Farmer Mac (AGM) Q4 2025: Net Effective Spread Jumps 16% as Infrastructure and Ag Lending Accelerate
Farmer Mac’s Q4 marked a pivotal quarter with a 16% surge in net effective spread, driven by diversified growth across infrastructure and ag finance segments, while credit costs rose due to isolated borrower challenges. Management’s tone remained disciplined on risk and capital, signaling continued expansion in higher-yielding, capital-intensive businesses. Looking ahead, the company is leaning into infrastructure and farm lending momentum, with a balanced approach to capital allocation and portfolio risk.
Summary
- Infrastructure and Ag Lending Momentum: Robust growth in data center, renewables, and farm & ranch segments is reshaping the portfolio mix.
- Credit Provisioning Shifts: Isolated borrower issues drove elevated credit costs, but management emphasized no systemic weakness.

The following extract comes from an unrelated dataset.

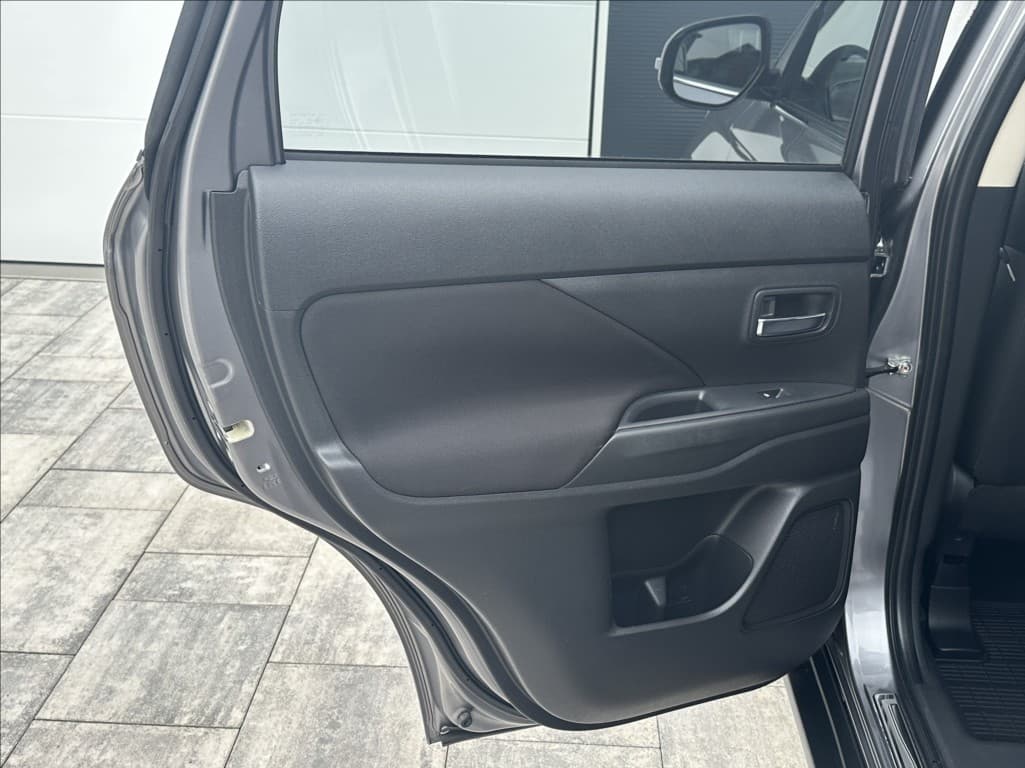 2019 Mitsubishi OUTLANDER - 15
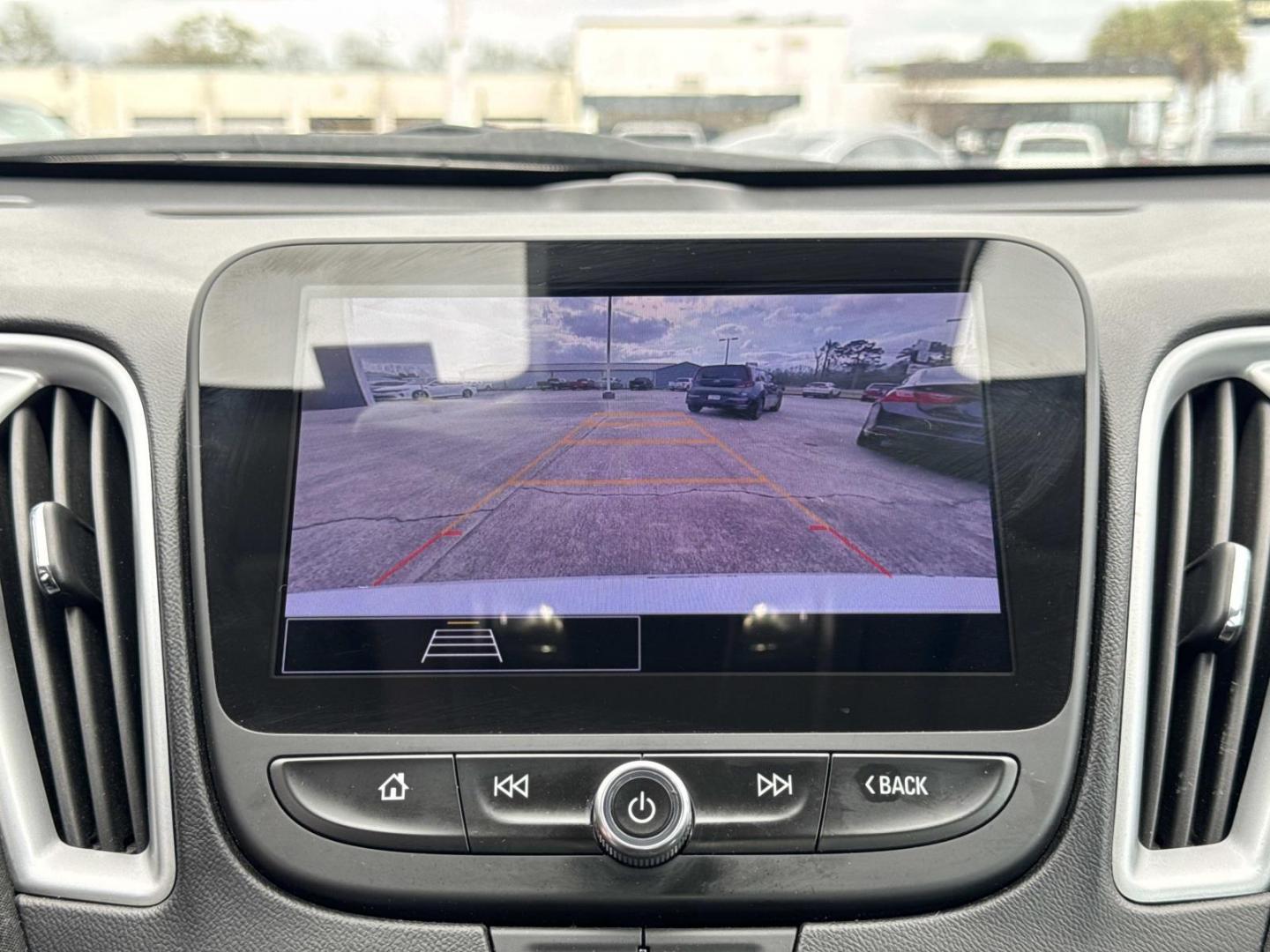 2023 White /Black Chevrolet Malibu 4dr Sdn 1LT (1G1ZD5ST1PF) , Automatic transmission, located at 6904 Johnston St., Lafayette, LA, 70503, (337) 988-1960, 30.143589, -92.100601 - Photo#24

- Capital Deployment Focus: Strategic investments and share repurchases continue, with discipline on capital for higher-return segments.
Performance Analysis
Farmer Mac delivered record revenue and business volume in 2025, underscoring the impact of its diversification strategy. Outstanding business volume reached $33.4 billion, with net new business volume at $3.8 billion for the year. The net effective spread, a key profitability metric measuring the difference between asset yields and funding costs, rose 16% in Q4, reflecting a shift to higher-yielding assets and disciplined funding execution. However, core earnings for the quarter declined $3.6 million year-over-year due to concentrated credit provisions in the corporate ag finance and broadband infrastructure portfolios.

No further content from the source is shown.